Profissionais farão busca ativa a partir desta semana para identificar pacientes que possam ter sequelas da doença

Flavia Kurotori
Do Diário do Grande ABC

20/09/2020 | 07:00


A Prefeitura de São Caetano vai inaugurar até o fim do mês uma unidade de acompanhamento pós-Covid. Objetivo é realizar a busca ativa de moradores da cidade que tiveram a doença a fim de identificar possíveis sequelas. Estas pessoas vão passar por triagem e, caso seja identificado algum problema que pode ter sido desencadeado pelo novo coronavírus, serão encaminhadas aos médicos especialistas. No Brasil, esta é a primeira iniciativa do tipo em nível municipal. Até então, apenas a Faculdade de Medicina da USP (Universidade de São Paulo) realizava este acompanhamento.

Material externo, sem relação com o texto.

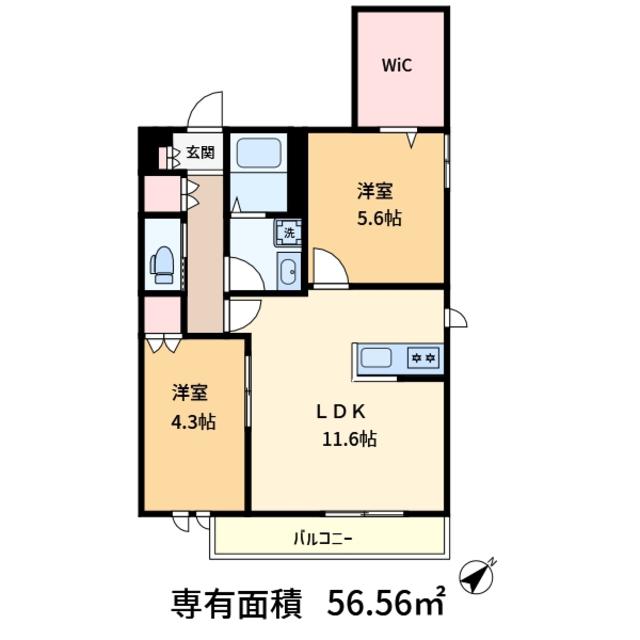 アイリス(2LDK/3階)の間取り写真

“Estamos observando na literatura médica um grande número de complicações, algumas precoces, outras tardias, após a Covid. Às vezes, a internação ou a doença não foram nem tão graves, mas produziram alguma sequela que impacta na vida do paciente”, explicou o prefeito José Auricchio Júnior (PSDB). Entre as sequelas observadas até o momento estão a perda de olfato e paladar, distúrbio psíquico e de coagulação, além de complicações respiratórias.

O ambulatório ficará na Rua Oriente, no bairro Barcelona, e será responsável pela triagem dos pacientes. Expectativa é a de que a abertura ocorra até o fim do mês, porém, a busca pelas pessoas que já foram infectadas pelo vírus deve começar ainda nesta semana. “Vamos agendando todos os pacientes para que façam triagem e, aqueles que precisarem, serão encaminhados para exame. Estamos criando essa estrutura porque são complicações importantes que precisam de acompanhamento”, ressaltou Auricchio.

O prefeito destacou que, na cidade, são mais de 3.218 munícipes recuperados da doença. “Deixar quase 4.000 pacientes sem nenhum tipo de acompanhemnto é um risco muito grande”, completou. Ele informou que não houve aplicação de recurso significativa, uma vez que o “investimento é garantir a qualidade na recuperação”. Algumas especialidades serão atendidas pelos ambulatórios da USCS (Universidade Municipal de São Caetano).

HISTÓRICO
O ambulatório pós-Covid surge um mês depois do encerramento das atividades do hospital de campanha, montado no Hospital São Caetano e que no dia 27 de julho deu alta ao último paciente. Em quatro meses, os 205 profissionais que atuaram no equipamento foram responsáveis pelo atendimento de 193 pacientes, dos quais 190 se recuperaram. Eram 100 leitos de enfermaria e dois de UTI (Unidade de Terapia Intensiva).

“A média móvel começou a diminuir, ficou constante e nos deu segurança (para encerrar as atividades do equipamento)”, explicou Regina Maura Zetone, secretária de Saúde, à época. Para se ter ideia da desaceleração da pandemia no município, em 18 de agosto, a média móvel de casos era de 19,6 e a de mortes, um. Na sexta-feira, o indicador era de 16,7 em relação às novas infecções e de 0,86 para os falecimentos.

Atualmente, a rede municipal conta com 18 leitos de enfermaria e 40 de UTI (Unidade de Terapia Intensiva). A Prefeitura já realizou 44.475 testes em massa. Último inquérito epidemiológico, feito em parceria com a USCS, indicou que mais de 11.241 residentes tinham anticorpos do coronavírus.